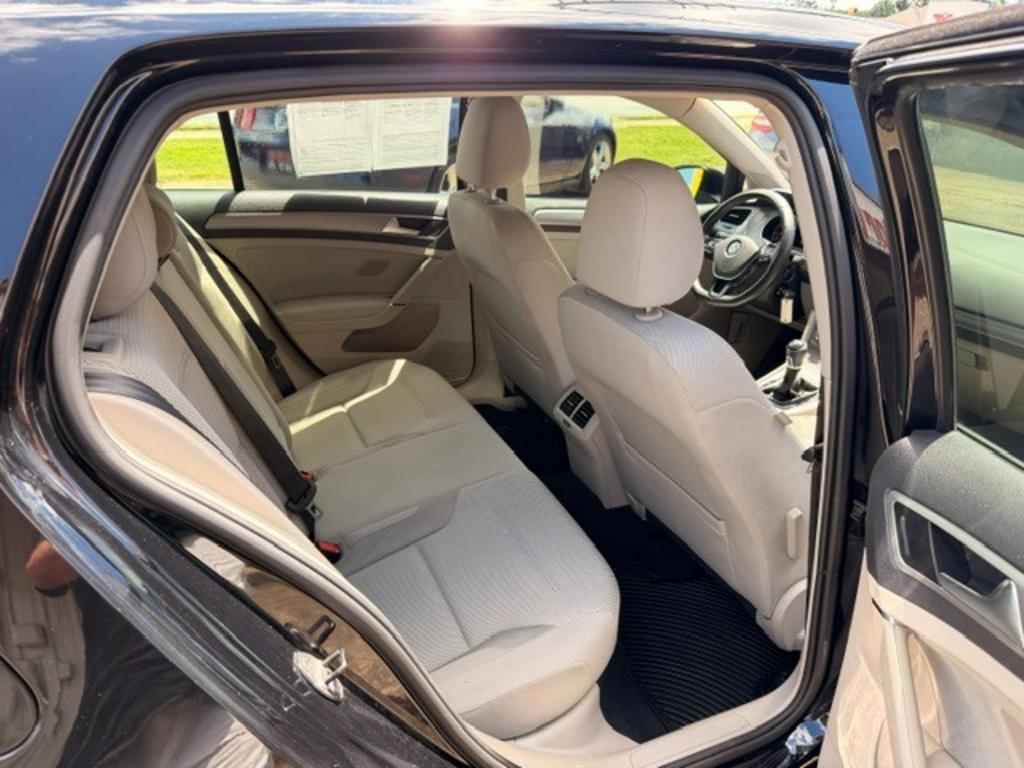 2017 Volkswagen Golf S - Photo 12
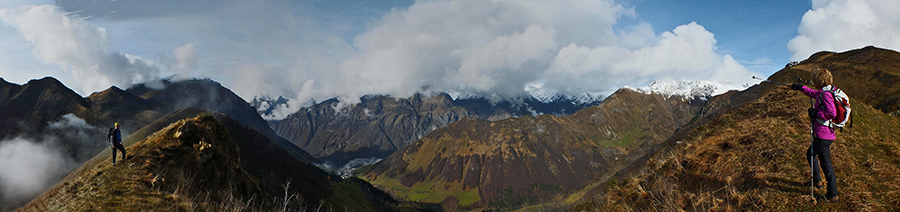 Salendo dalla Chiesetta della Manina al Monte Sasna con vista verso la Val Bondione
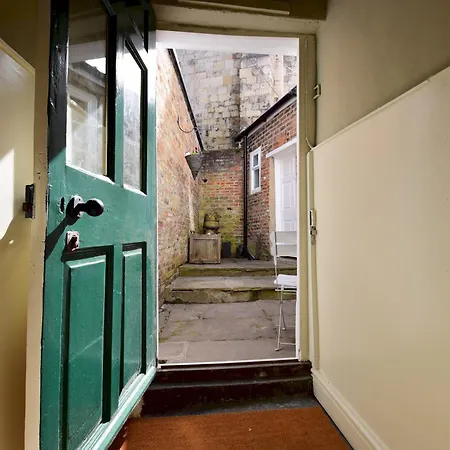 87 Micklegate · 87 Micklegate,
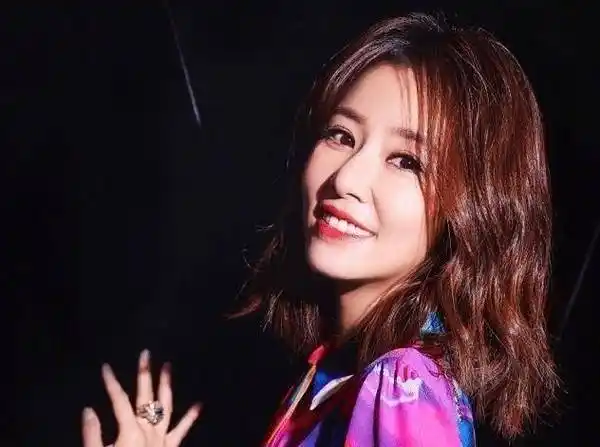 林心如女儿小海豚正面照被公开?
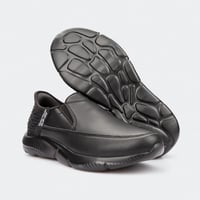 حذاء كاجوال كلاسيكي طبي من ماركة فيكتور كلارك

══════

**Work item**
Repeat each line above exactly. The pictures stay out.

**Solution below**
 2017 Volkswagen Golf S - Photo 12
 Salendo dalla Chiesetta della Manina al Monte Sasna con vista verso la Val Bondione
 87 Micklegate · 87 Micklegate,
 林心如女儿小海豚正面照被公开?
 حذاء كاجوال كلاسيكي طبي من ماركة فيكتور كلارك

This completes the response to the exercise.